Five trends from E3 2014 we’d like to see die

E3 2014 lacked the drama of the year before. And, let’s be honest, we expected pretty much every ‘surprise’ announcement.

Yet overall it was a good show. There were well over 250 products on display, and Xbox, PlayStation and Nintendo can all feel happy as they head home from Los Angeles.

However, as usual, there were a few ‘trends’ at E3 worth moaning about. From an obsession with one genre to an excess of violence, there were a number of things about E3 that the industry should consider avoiding when the annual event rolls around next year.

1. Free extra hat if you buy the PS4 version

The Xbox and PlayStation press conferences were rammed with announcements, and the vast majority of these were content exclusivity deals.

PlayStation and Xbox are both paying over the odds in an effort to secure exclusive beta access, or downloadable content (or early access to goodies) for third-party games.

In Xbox’s corner, there’s Call of Duty, The Division, Evolve and Dragon Age: Inquisition, while over at camp PlayStation we have Destiny, Batman, Far Cry, Battlefield and so on.
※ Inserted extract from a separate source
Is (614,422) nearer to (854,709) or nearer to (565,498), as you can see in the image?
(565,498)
But who is actually winning this phony war?

Both Xbox and PlayStation told us this week that gamers like exclusive stuff. That’s true. They do. But equally they hate not getting exclusive stuff. And if the gamers are left disappointed, then surely this is one practice worth leaving behind? After all, did anyone really pick the PS4 version of Watch Dogs because of that ’60 minutes’ of extra gameplay?

2. Games shown too early

These days developers are opening their games up to consumers before they’re finished. Steam Early Access and Kickstarter are two big examples of studios getting fans involved from Day One.
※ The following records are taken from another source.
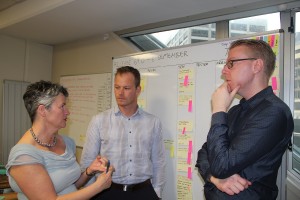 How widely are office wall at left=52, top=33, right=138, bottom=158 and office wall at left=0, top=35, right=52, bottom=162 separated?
15cm

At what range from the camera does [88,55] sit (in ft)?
13.2

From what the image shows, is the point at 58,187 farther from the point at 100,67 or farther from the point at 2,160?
the point at 2,160

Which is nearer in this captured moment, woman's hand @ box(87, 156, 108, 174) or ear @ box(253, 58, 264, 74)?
ear @ box(253, 58, 264, 74)

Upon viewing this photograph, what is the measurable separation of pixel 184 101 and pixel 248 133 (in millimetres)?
1282

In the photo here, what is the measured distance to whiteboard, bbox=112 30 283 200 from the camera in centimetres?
232

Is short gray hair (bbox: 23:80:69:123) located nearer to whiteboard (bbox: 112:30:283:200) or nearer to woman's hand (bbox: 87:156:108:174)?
woman's hand (bbox: 87:156:108:174)

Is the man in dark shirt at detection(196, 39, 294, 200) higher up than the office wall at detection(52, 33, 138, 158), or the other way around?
the office wall at detection(52, 33, 138, 158)

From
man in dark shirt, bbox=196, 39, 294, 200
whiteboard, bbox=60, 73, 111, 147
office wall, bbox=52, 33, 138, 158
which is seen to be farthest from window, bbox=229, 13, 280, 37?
whiteboard, bbox=60, 73, 111, 147

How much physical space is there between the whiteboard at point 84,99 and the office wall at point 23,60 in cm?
60

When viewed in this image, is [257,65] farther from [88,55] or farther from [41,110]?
[88,55]

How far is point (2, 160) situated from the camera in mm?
4016

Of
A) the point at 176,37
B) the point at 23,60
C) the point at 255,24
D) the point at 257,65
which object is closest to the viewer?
the point at 257,65

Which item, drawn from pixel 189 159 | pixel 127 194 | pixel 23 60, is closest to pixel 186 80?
pixel 189 159

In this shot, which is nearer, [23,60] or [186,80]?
[186,80]
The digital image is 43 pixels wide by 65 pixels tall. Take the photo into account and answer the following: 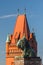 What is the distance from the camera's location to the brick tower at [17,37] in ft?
217

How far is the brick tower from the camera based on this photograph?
66188mm

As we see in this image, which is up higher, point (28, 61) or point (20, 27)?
point (20, 27)

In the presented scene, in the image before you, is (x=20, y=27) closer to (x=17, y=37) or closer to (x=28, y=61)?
(x=17, y=37)

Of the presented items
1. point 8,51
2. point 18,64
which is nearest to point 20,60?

According to EA, this inspired the firm to show developer diaries at E3, which gave us a peak at Mirror’s Edge, Star Wars: Battlefront, Mass Effect 4 and a Criterion game that doesn’t even have a name.
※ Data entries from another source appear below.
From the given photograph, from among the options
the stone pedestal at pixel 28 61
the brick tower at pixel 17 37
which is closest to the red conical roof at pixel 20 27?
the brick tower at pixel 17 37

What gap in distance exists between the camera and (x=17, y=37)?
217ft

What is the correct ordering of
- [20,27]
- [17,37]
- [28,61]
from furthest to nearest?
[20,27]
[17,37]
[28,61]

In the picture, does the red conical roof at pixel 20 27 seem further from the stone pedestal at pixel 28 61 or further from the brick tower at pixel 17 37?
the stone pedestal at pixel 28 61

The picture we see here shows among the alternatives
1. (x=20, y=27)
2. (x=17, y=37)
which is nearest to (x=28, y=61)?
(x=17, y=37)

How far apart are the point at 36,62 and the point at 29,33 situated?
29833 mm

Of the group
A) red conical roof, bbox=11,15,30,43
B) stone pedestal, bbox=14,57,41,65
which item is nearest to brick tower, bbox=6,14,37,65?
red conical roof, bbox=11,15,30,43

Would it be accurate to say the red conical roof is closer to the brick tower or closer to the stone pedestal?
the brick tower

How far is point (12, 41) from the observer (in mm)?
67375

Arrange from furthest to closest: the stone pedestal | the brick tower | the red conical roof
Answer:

I’m not opposed to teasers, but Mirror’s Edge, Star Wars: Battlefront and Uncharted 4 were already teased last year, so you have to wonder what everyone been doing for 12 months.

The new Zelda game doesn’t have a name, either. And there are many other examples of CGI teasers of titles that have clearly just entered development.

Exactly how much of what we saw was real, tangiable products?

3. No love for the trade
E3 has always been a bit of a consumer show, really. No business professional would be seen whooping at a new Halo. Yet this year felt like an even larger move away from the ‘trade show’ E3 still insists it is.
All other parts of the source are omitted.